Sunday 20 January 2008

Less money, more pain and injustice


Less money, more pain and injustice

Special to the Star-Telegram

Last month, New Jersey's legislature and governor replaced the death penalty with a sentence of life in prison without parole. The measure has been hailed as an historic moment across the country. I guess that makes sense, because no state had legislatively abolished its death penalty in more than 50 years.

But I want to share the view from where I sit: a police chief who long supported the death penalty. Watching this debate evolve over the years and then unexpectedly being caught up in the middle of it, I don't think the vote was historic at all. It was just plain common sense.

I am the police chief of West Orange, N.J., an older suburban town about 15 miles outside of Manhattan. I am a proud Republican. I have dedicated my life to protecting the public and making our streets safer. And I put my life on the line every time I go to work. Believe me, sympathy for killers is nowhere in my vocabulary.

Last year, the New Jersey Legislature set up a study commission to decide what to do with the death penalty. The capital punishment system was broken; some people wanted to fix it, while others wanted to abolish it.

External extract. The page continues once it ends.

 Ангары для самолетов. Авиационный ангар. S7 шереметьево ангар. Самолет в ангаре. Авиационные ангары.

I was asked to join the commission and help decide what to do. I pledged to keep an open mind, but I always supported the death penalty, and I didn't expect that to change. If there were fixes we could recommend to make it work better, I figured I could support that.

I was wrong.

I no longer believe that you can fix the death penalty. Six months of study opened my eyes to its shocking reality. I learned that the death penalty throws millions of dollars down the drain -- money that I could be putting directly to work fighting crime every day -- while dragging victims' families through a long and torturous process that only exacerbates their pain.

I want to share what I learned from the families whose loved ones were lost, because I believe their untold stories are the shameful, hidden secret of the death penalty.

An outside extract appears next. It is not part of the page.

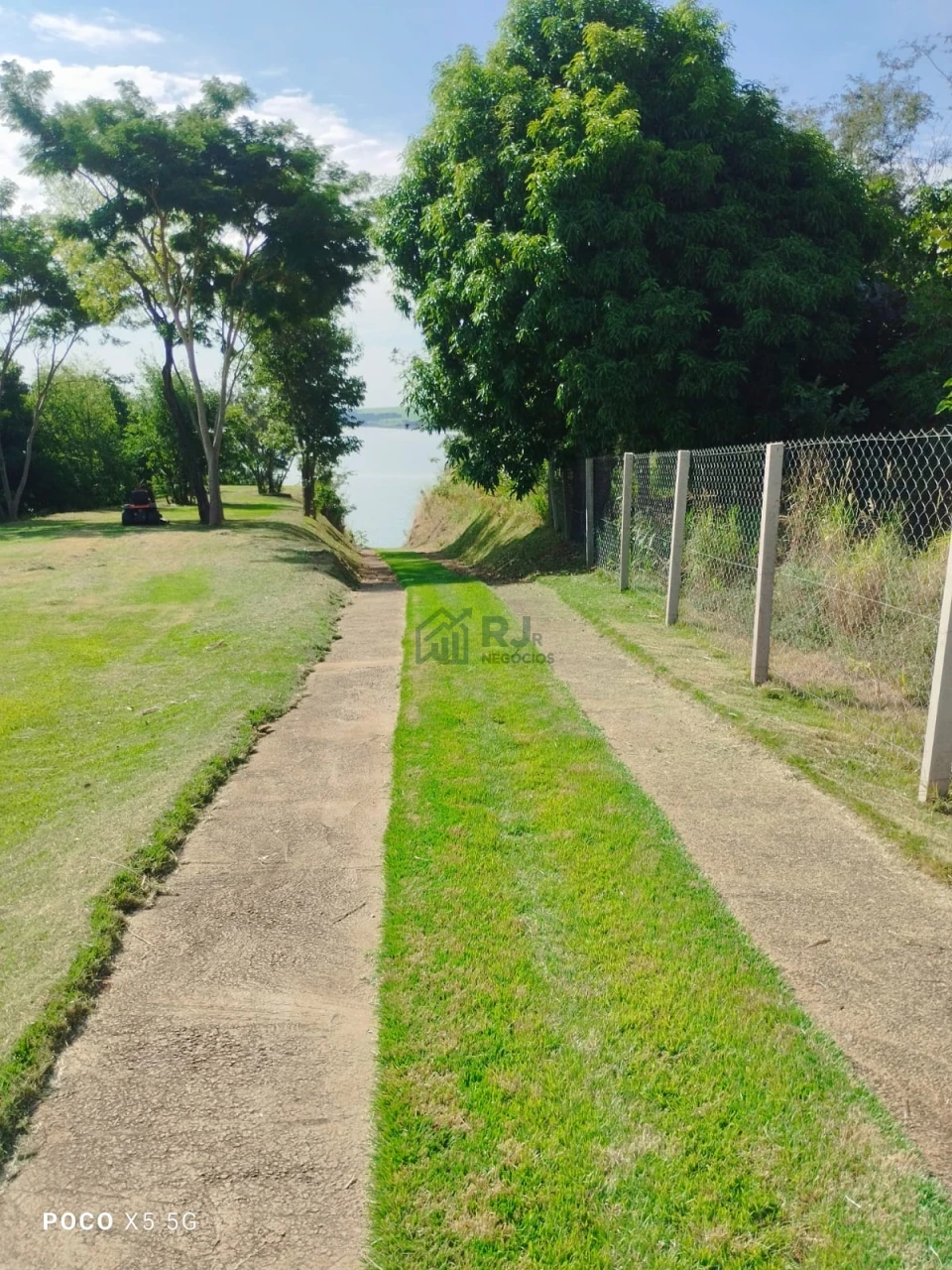 Imagens do imóveis Chácara Molhada de 4.000 m² no Condomínio Riviera do Nascente – Alvorada do Sul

One by one they came before me -- mothers, fathers, children and spouses. Their cries of pain were devastating.

The judicial process sentences victims' families to an indeterminate time in legal limbo, waiting, waiting, waiting, for the day that the punishment will be carried out. For most of them, it never will be. The death penalty was supposed to help families like these. Virtually everything I heard told me that the process was tearing them apart.

Meanwhile, maintaining this charade of a system for the past 30 years cost New Jersey almost a quarter billion dollars -- money that could have been providing these victims with crucial services to help them heal, or funding law enforcement and preventing the crimes in the first place. The prosecutors who sat on the commission with me confirmed through direct experience that capital cases deplete their resources more than any other type of case. Studies in other states found the same thing.

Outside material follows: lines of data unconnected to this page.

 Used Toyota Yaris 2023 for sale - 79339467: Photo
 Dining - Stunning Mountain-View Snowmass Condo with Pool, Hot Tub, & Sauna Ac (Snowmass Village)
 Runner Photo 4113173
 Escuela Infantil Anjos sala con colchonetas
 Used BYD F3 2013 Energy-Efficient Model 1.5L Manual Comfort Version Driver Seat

As a police chief, I find this use of state resources offensive. The death penalty is supposed to help me fight crime. I say: Give a law enforcement professional like me that $250 million, and I'll show you how to reduce crime. The death penalty isn't anywhere on my list.

The problems we found are not unique to New Jersey. No state has found a way to carry out the death penalty quickly and cheaply and also accurately.

In my heart, I still believe that capital punishment is justified in some cases. But I also know that in real life, there is no perfect death penalty, and in practice, it does more harm than good. Life in prison without parole is a better alternative. It is harsh, it ensures public safety, and it puts victims' families first.

James Abbott is the chief of police in West Orange, N.J. He was a member of the New Jersey Death Penalty Study Commission.